You talk a lot about high grade, don't you? The chronic. You leave comments under YouTube videos of songs from before you were born saying "better than the shit that gets made now". You firmly believe there is a media conspiracy against Jeremy Corbyn and you regularly share Canary articles corroborating this standpoint. You think Kanye West is a dickhead. When you smoke high grade, your evening inevitably starts with a lot of Massive Attack, which then leads to watching the same Adam Curtis documentary you've seen approximately 25 times. You have strong opinions on almost everything, particularly neoliberalism and your mum's new boyfriend Ray.
The last time you took drugs regularly was when you were 25; about eight years ago.
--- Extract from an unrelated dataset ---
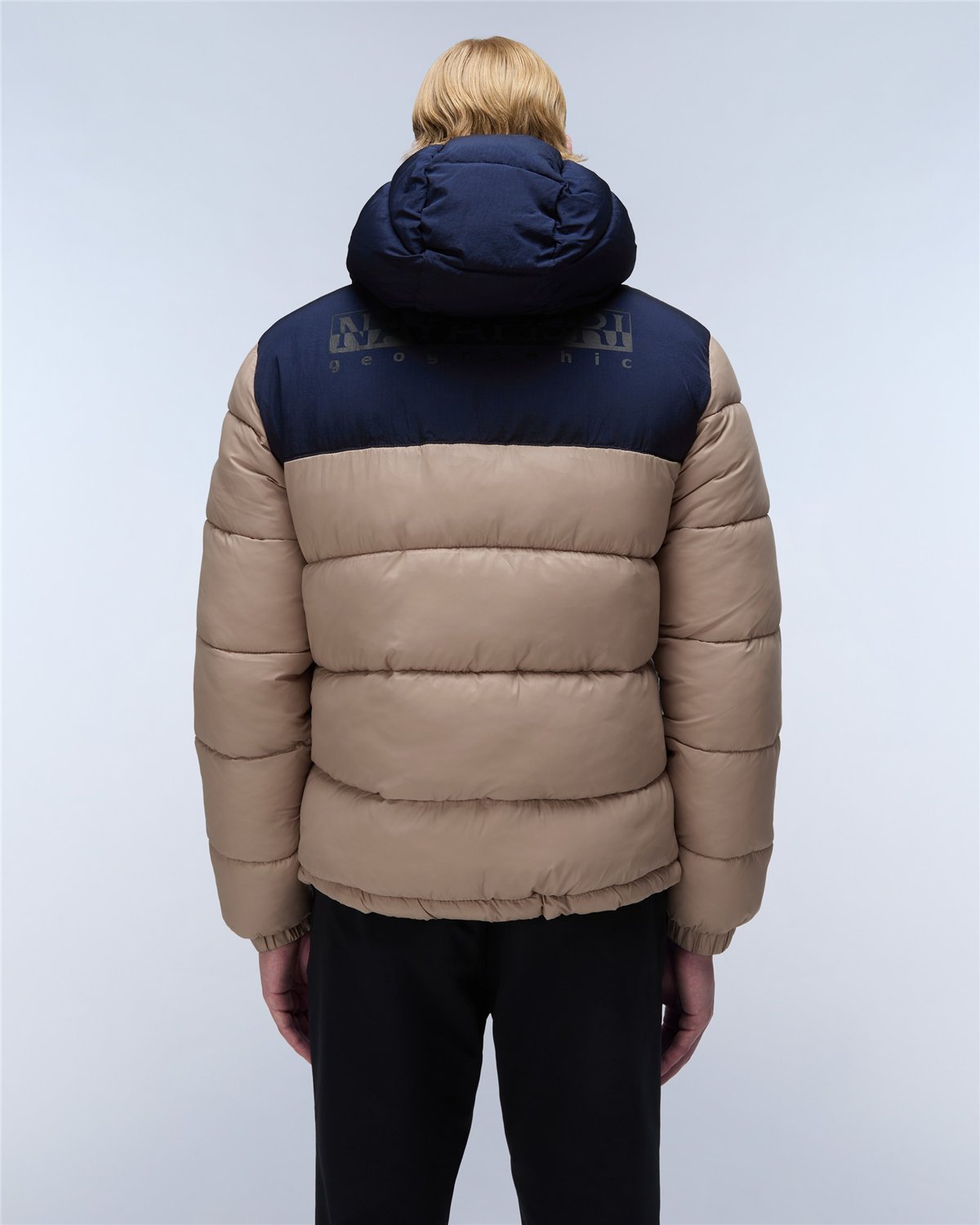 Hornelen Short Jacket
Since then you haven't had the chance to get out as much, now you've got a mortgage and an Abel and Cole membership, and without realising, you've become exactly the sort of clean shirt you'd spent the last decade taking the piss out of.
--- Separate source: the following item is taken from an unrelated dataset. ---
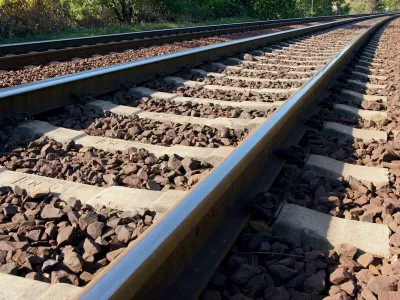 Укрзалізниця змінила маршрути потягів у Харківській області через обстріли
Drugs though, they used to be fun, like, really fun. The world used to be a non-stop stream of glitter, big bottles of cider, radio-friendly indie remixes and boutique festivals. Sometimes, in bed, you stare up at the ceiling of your duck-egg blue bedroom and remember parties. You remember how tightly your skin used to cling to your face, how everything seemed more colourful, like thick paint, and the memory makes you so happy it turns into mourning.
These days your partying has been stripped back to a biannual trip to Latitude or Secret Garden Party, long weekends you'll spend applying and removing body glitter, eating gourmet scotch eggs and trying to charge your phone. Still you go, you get tickets, pack the car, buy a bit of "mandy" off your mate's ex boyfriend who still sells, and hope the weekend will be as fun as you are trying to make it sound. You become unreasonably unsettled on your way into the festival, at the thought of security finding the gram you've hidden in your Cath Kidston thermos – the prospect of explaining to everyone in the office that you were arrested on the weekend is nearly enough to make you turn around – but they don't stop you, they don't search you, and you get in without a problem. You and your partner who you definitely should be engaged to by now really c'mon mate, talk about crushing the gram but you're tired after the drive and decide to call it a night after a Jon Hopkins set. The next night in rains. On the third night you decide it's too late now to take it because you've all got to drive home tomorrow, but you head out with it in your pocket anyway. "I'm going to sell it," you tell everyone. "May as well get my £40 back!"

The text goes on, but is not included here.